When a group of female bipartisan political leaders in Japan joined forces to call for an anti-domestic violence law in 1998, they faced fierce resistance by a majority male diet. It wasn’t until 2001 that politicians were shaken from their state of denial by a cabinet-sponsored survey revealing one in 10 women had experienced serious violence at the hands of their spouse. At this point only a grim 10 percent of abused women shared their experience with a second party.
Fast forward almost 20 years and Japan’s National Police Agency released data from 2018 showing 77,480 calls to local police related to domestic violence and gender-based matters. It’s the 15th consecutive annual increase since records began in 2003. Based on those figures, police took action against 9,088 cases of domestic violence across Japan — an increase of 666 cases from the previous year.
But the police haven’t always been helpful. Mainstream attitudes toward household violence traditionally treated it as an invisible issue that simply did not exist. Kanoko Kamata, an associate researcher at the Japan-U.S. program of Harvard University, says the problem went blatantly disregarded. “The majority of politicians are generally socially conservative and it was thought Japan did not suffer from the same social problems as the West because Japanese men were not violent,” she told The Diplomat. There was a lack of awareness that domestic violence is an infringement of human rights and women were expected to keep silent.

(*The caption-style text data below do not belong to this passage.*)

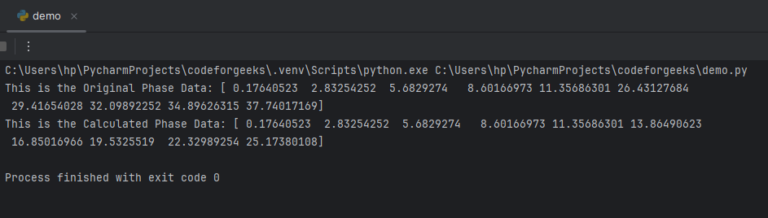 numpy.unwrap() in Python: For Correcting Phase Wraparound | CodeForGeek
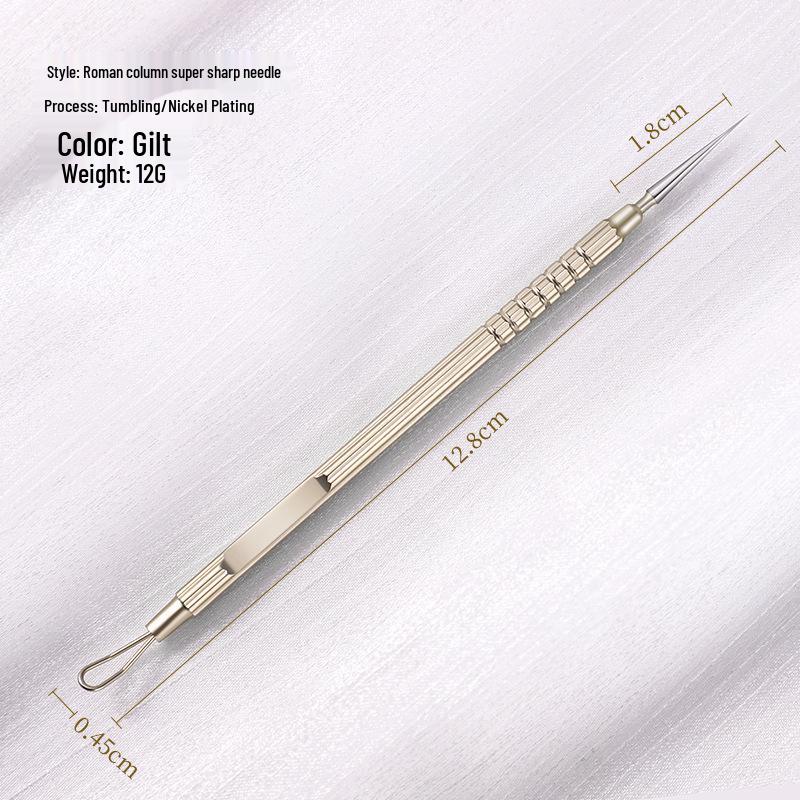 Stainless Steel Blackhead Remover Tool Set: Clips and Needles for Acne and Pimple Care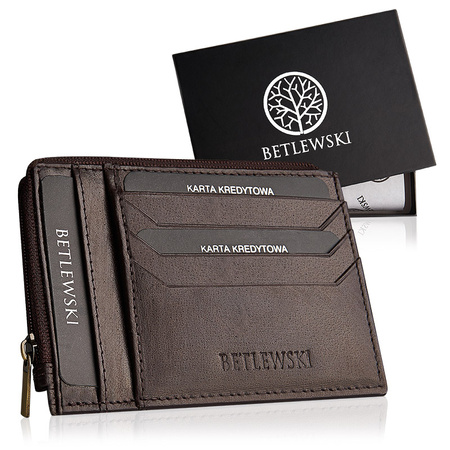 Etui na karty CLASSIC brazowy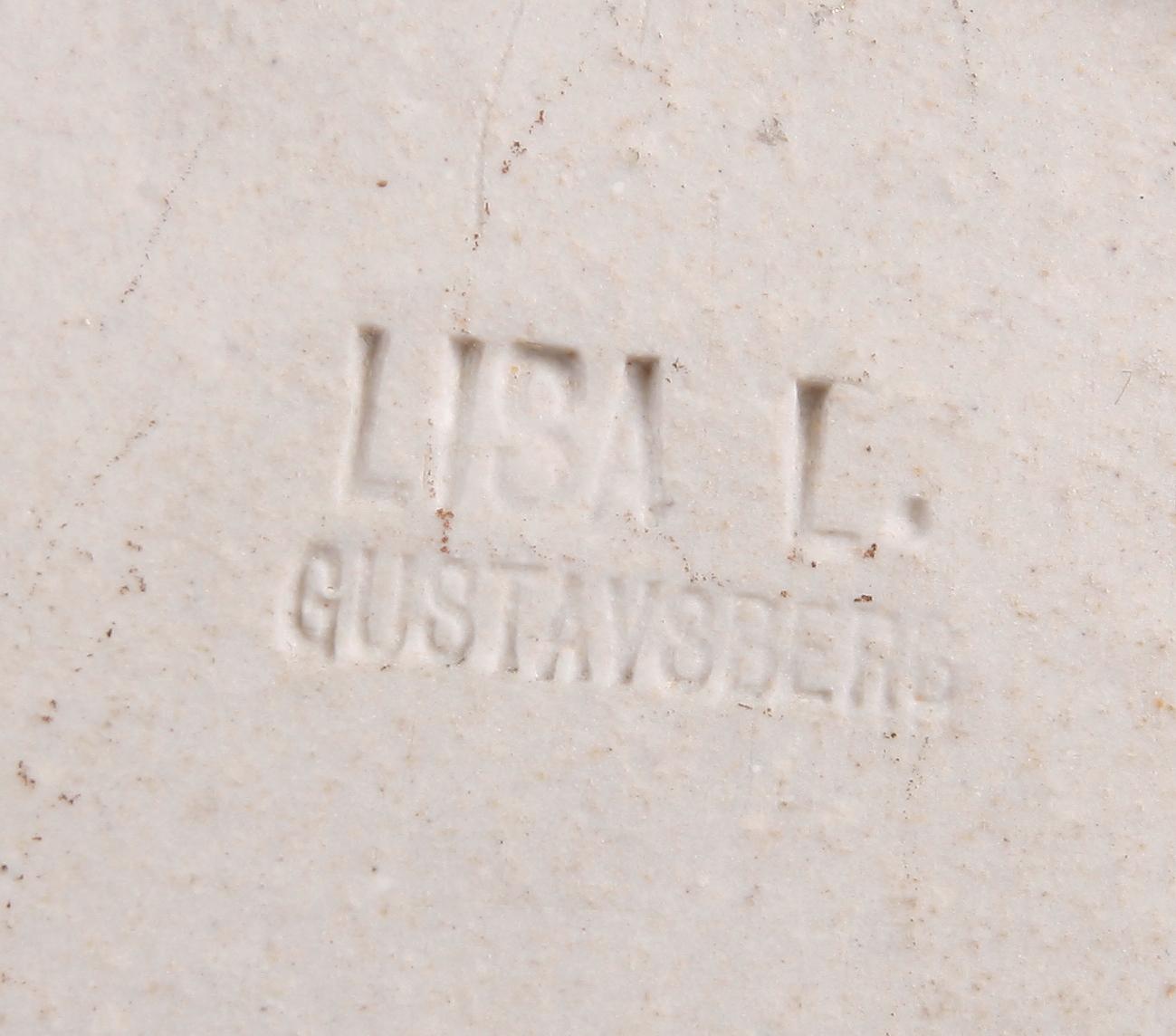 VÄGGPLAKETTER, 4 st, keramik, Lisa Larson Gustavsberg.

In Japan the idea of domestic violence traditionally conjured the image of violence endured by parents from their rebellious children. Kamata said law enforcement was reluctant to interfere in household affairs as it was typically believed that marital problems were not worth bothering about. This meant pleas for help by desperate women were neglected by law enforcement and local police were discouraged from reaching out to battered women. She said this is further exacerbated by family members encouraging women to be better wives.
Kanata pointed to the creation of the National Shelter Network as a defining moment where private women’s shelters across Japan raised political clout and infiltrated the policymaking process, which relied heavily on scholarly opinion instead of victims’ voices. Since the domestic violence prevention act was first enacted in 2001, Kamata explained, the legal definition has steadily grown more comprehensive, covering non-physical acts such as psychological and financial abuse alongside molestation, stalking, forced sexual intercourse, and physical blows as actions that warrant police consultation.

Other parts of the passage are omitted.